I note, by the way, that rightwingers have gone back to referring to “Communist China,” though I rarely hear anyone talk about “Nationalist China,” likely because most people have grown used to saying “China” and “Taiwan,” except when they’re trying to revive the Red Scare of the 1950s.

 

And speaking of those bygone days, Ohman gets a second mention for this commentary on Trump’s claim to have “saved your damn neighborhood,” and I think he’s right that Dear Leader has a 1950s view of the suburbs that is straight out of “Raisin in the Sun,” in which the white folks take up a collection to try to keep the Younger family from moving into, and desegregating, the neighborhood.

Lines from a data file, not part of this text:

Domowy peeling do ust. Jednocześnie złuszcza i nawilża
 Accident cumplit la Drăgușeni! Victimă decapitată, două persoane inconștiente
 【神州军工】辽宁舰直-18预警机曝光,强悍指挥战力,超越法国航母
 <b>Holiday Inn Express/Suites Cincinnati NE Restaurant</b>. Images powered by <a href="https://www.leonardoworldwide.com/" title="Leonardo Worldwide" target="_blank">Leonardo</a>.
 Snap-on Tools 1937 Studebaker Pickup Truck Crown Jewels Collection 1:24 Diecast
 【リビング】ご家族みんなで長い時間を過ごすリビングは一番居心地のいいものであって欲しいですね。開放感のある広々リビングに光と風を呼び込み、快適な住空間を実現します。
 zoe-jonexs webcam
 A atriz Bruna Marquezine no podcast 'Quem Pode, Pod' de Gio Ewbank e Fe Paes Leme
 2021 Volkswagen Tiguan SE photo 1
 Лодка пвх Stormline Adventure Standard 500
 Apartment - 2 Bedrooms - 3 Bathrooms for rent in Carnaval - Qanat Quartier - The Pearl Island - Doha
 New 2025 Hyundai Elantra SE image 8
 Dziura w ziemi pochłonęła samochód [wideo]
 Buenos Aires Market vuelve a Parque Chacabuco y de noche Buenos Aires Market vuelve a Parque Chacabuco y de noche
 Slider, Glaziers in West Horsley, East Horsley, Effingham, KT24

It was barely a dog whistle — it was a straight-out claim that affordable housing means crime, and, that by keeping the suburbs middleclass, Trump was doing just what he and his old man had done in their apartments: Rejected the riffraff and the overly melaninized.

However, as Ohman depicts it, the suburbs have changed and their view of riffraff has been updated considerably.

 

Leaving us with Pat Bagley (SLC Trib)‘s suggestion that wives may not tell their husbands everything.

One of the arguments against women’s suffrage was that it simply gave husbands a second ballot, and that’s not entirely invalid: My late father-in-law always helped his mother, his mother-in-law and his wife figure out how to vote.

But that was decades ago and, just as the suburbs are no longer lily-white bastions of Junior League and bridge clubs, even in the best of families, there’s often a gap between what he thinks he knows and what is.

Always has been, and not just in the voting booth.

 

3 thoughts on “CSotD: Entropy

  1. There are quite a few verses to “This Land is Your Land” that most people don’t learn. My fourth grade teacher was a folk musician, and we learned them, until the school made her stop. The song was every bit as much a criticism of America as it was a celebration.
    I grew up in that red-line suburbia that Trump wants to “save.” There were only five Black students out of 2500 kids in my high school. Most of them had more class than some of the White trash that lived there. My question is: Who’ll save the suburbs from Trump supporters?